──────── Data for the task ────────

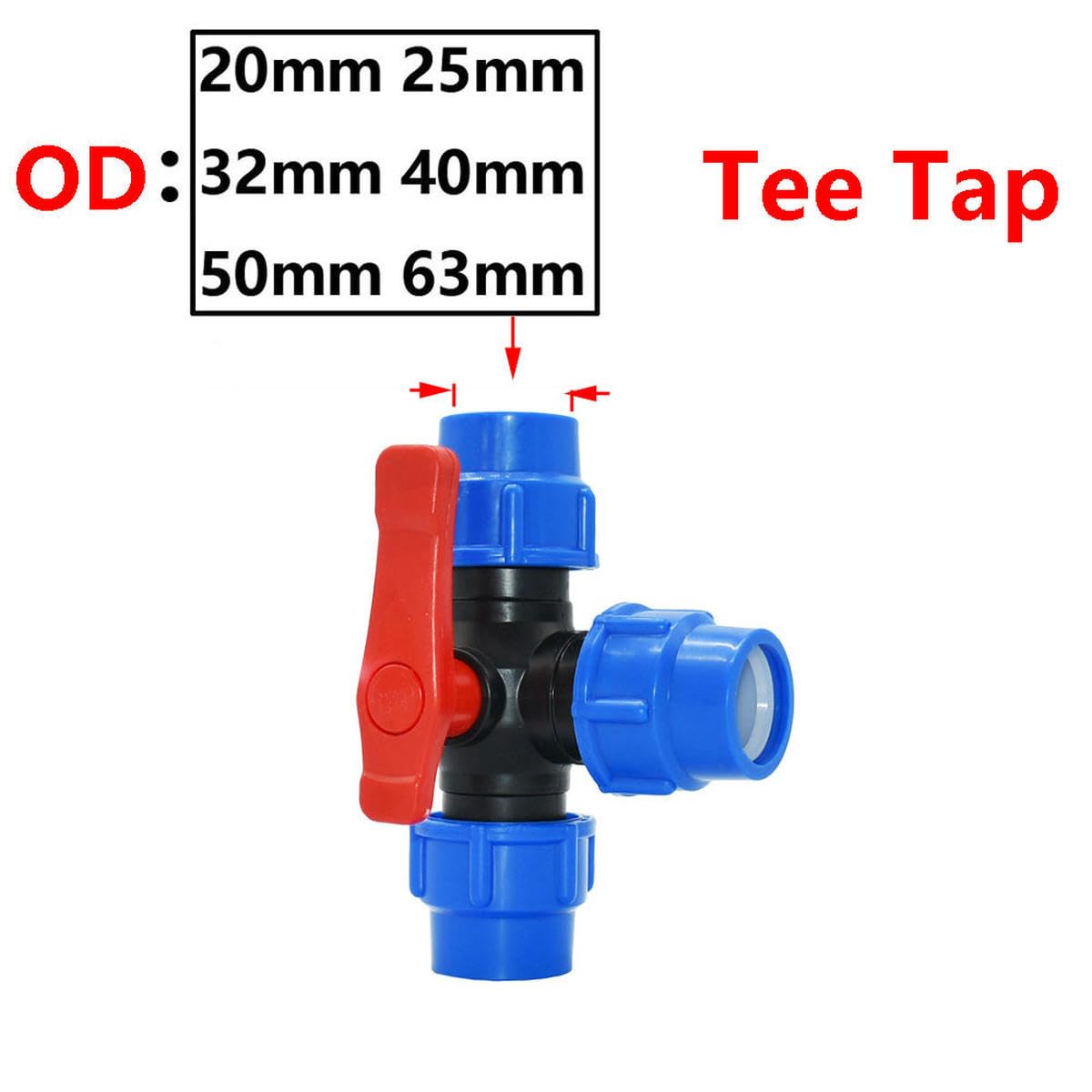 20/25/32/40/50/63mm Tubo dell'Acqua Giunto a Sfera in plastica Tee Gomito Tappo Connettore rapido PE Raccordi rapidi 1pezzi-25MM-Nucleo Metallico Tap_a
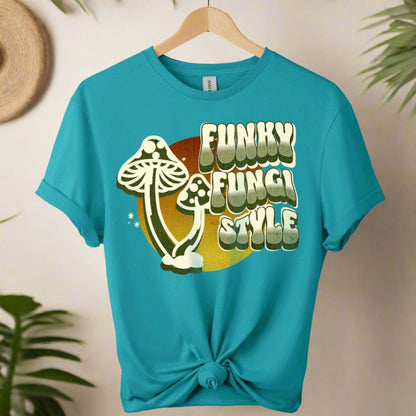 Graphic tees with fungi design and typography funky mushroom style boho style retro vintage color tropical blue
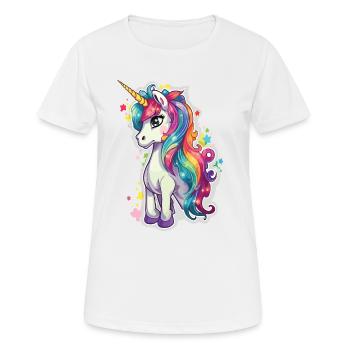 Magisches Fabelwesen Geschöpf der Reinheit Einhorn - Frauen T-Shirt atmungsaktiv - Weiß - Vorne - AI Model Female 172 dark (172cm)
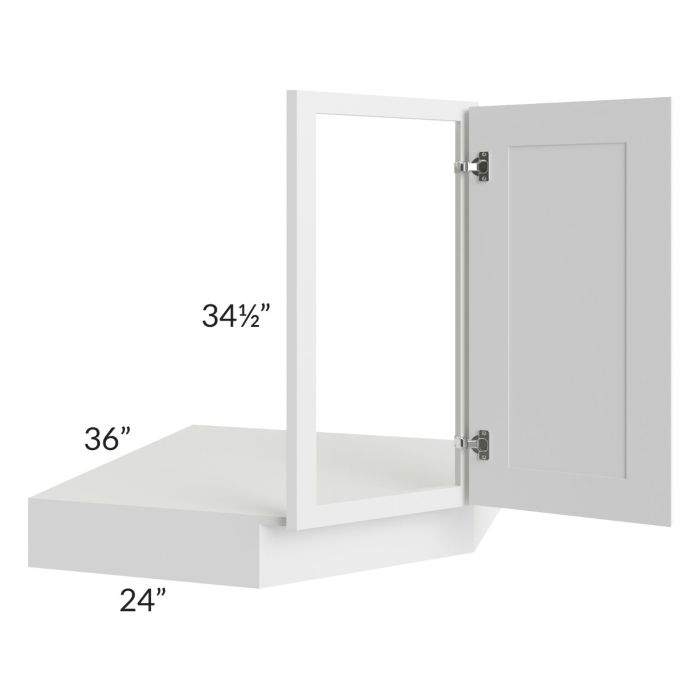 Asheville White Shaker 36" Corner Sink Base Front and Floor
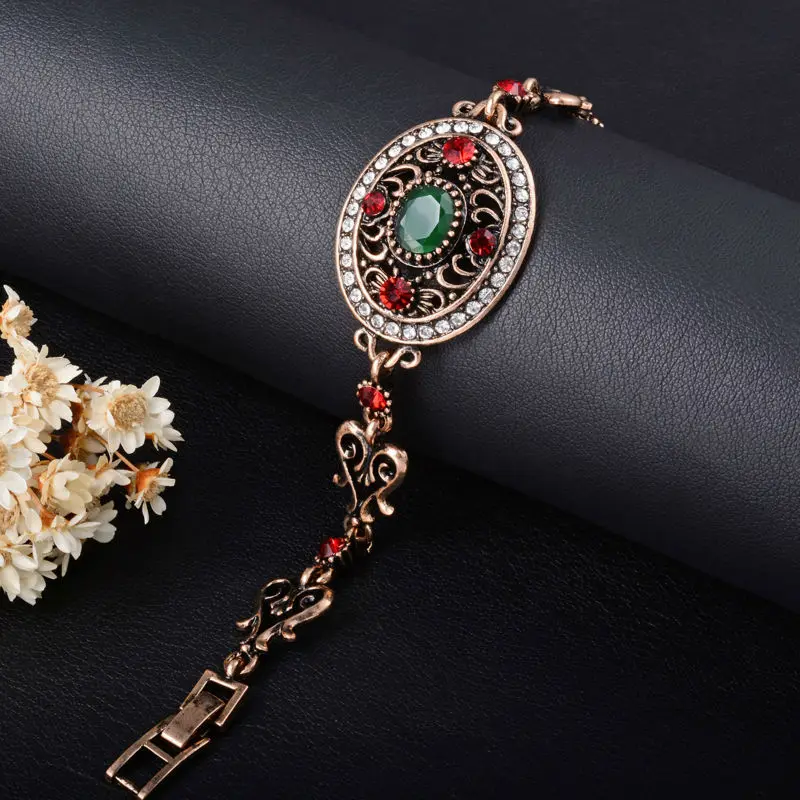 

Boho Vintage Retro Turkish Jewelry Top Resin Gold Red Green Charm Bracelet Female Bracelets Bangles for Women Jewellery Braclet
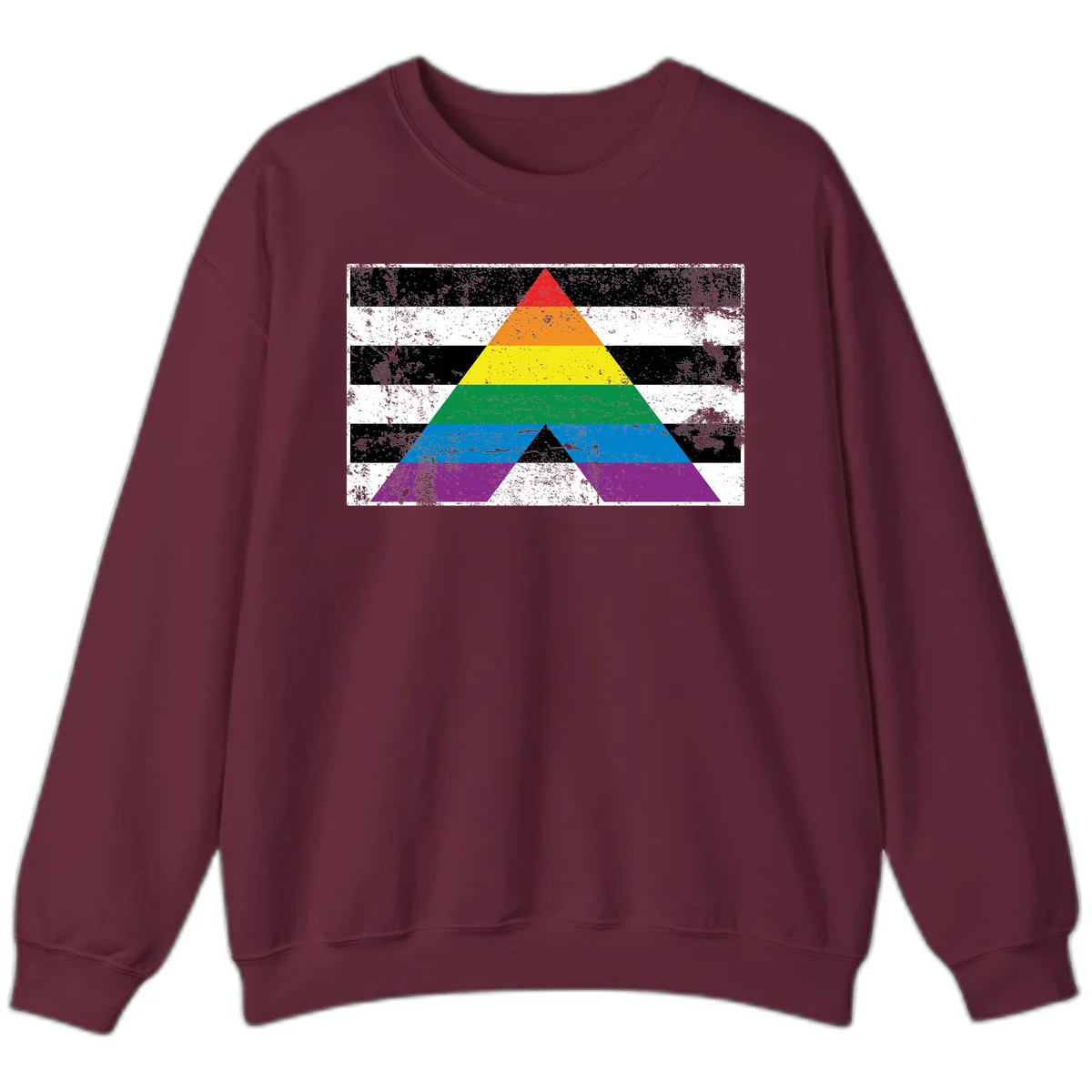 Rainbow pride pyramid with horizontal stripes on distressed black and white background in Maroon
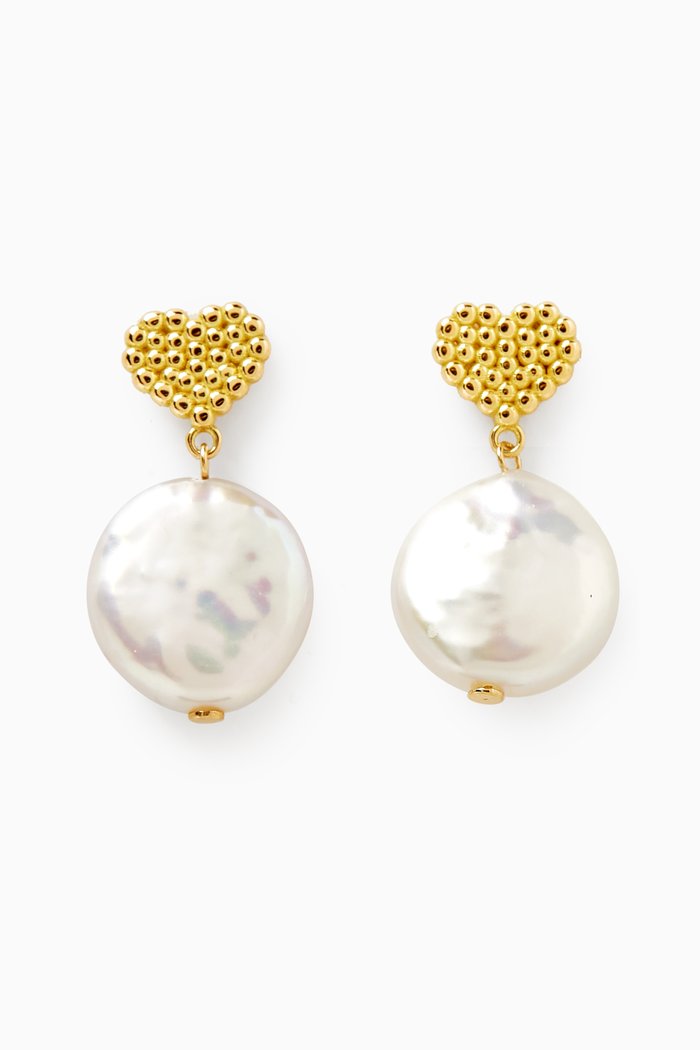 Kiku Freshwater Coin Pearl Heart Drop Earrings in 18kt Gold, Yellow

────────

◆ **Work required**
What is needed is a word-for-word copy of the data, minus its pictures.

◆ **Response box**
 20/25/32/40/50/63mm Tubo dell'Acqua Giunto a Sfera in plastica Tee Gomito Tappo Connettore rapido PE Raccordi rapidi 1pezzi-25MM-Nucleo Metallico Tap_a
 Graphic tees with fungi design and typography funky mushroom style boho style retro vintage color tropical blue
 Magisches Fabelwesen Geschöpf der Reinheit Einhorn - Frauen T-Shirt atmungsaktiv - Weiß - Vorne - AI Model Female 172 dark (172cm)
 Asheville White Shaker 36" Corner Sink Base Front and Floor

Boho Vintage Retro Turkish Jewelry Top Resin Gold Red Green Charm Bracelet Female Bracelets Bangles for Women Jewellery Braclet
 Rainbow pride pyramid with horizontal stripes on distressed black and white background in Maroon
 Kiku Freshwater Coin Pearl Heart Drop Earrings in 18kt Gold, Yellow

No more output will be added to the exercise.